🔍 DÉCRYPTAGE
Le premier projet porte sur l'amélioration de la production de riz, tandis que le second est consacré à la valorisation des résidus de la filière anacarde. Selon le secrétaire général du FONSTI, le Dr Sangaré Yaya, le projet riz vise à améliorer les techniques culturales afin d'accroître les rendements et de réduire la dépendance du pays aux importations de cette denrée de grande consommation. Concrètement, les travaux présentés par l'enseignant-chercheur Dr Kouadio Marius, de l'École supérieure d'agronomie de l'INPHB, portent sur la validation en milieu réel du recalage du calendrier de semis du riz pluvial dans la zone agroclimatique de Yamoussoukro, en réponse aux perturbations pluviométriques liées au changement climatique.
Le second projet, consacré à l'anacarde, s'appuie sur le statut de la Côte d'Ivoire comme premier producteur mondial de cette culture, mais vise à corriger l'un des angles morts persistants de la filière : la faible valorisation locale des résidus issus de la transformation des noix.
« Le riz est la première céréale consommée dans notre pays.
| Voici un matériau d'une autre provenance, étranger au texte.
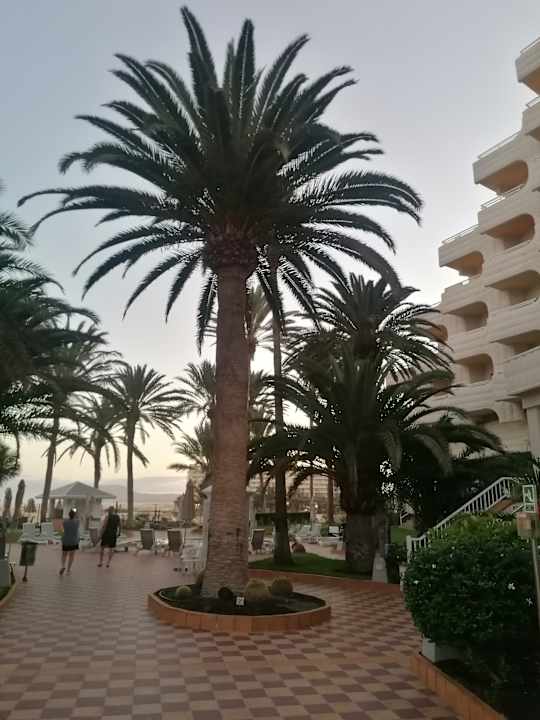 Ausblick Hotel Riu Palace Tres Islas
Malheureusement, nous importons encore plus de la moitié de notre consommation nationale, alors que la Côte d'Ivoire dispose des terres, des ressources humaines et des compétences nécessaires pour satisfaire ses besoins et même exporter », a rappelé le Dr Sangaré Yaya. Les sommes considérables consacrées chaque année à l'importation de riz représentent une ponction directe sur les devises nationales — un enjeu macroéconomique de premier plan pour un pays qui affiche par ailleurs l'ambition de renforcer sa souveraineté alimentaire dans le cadre du PND 2026-2030.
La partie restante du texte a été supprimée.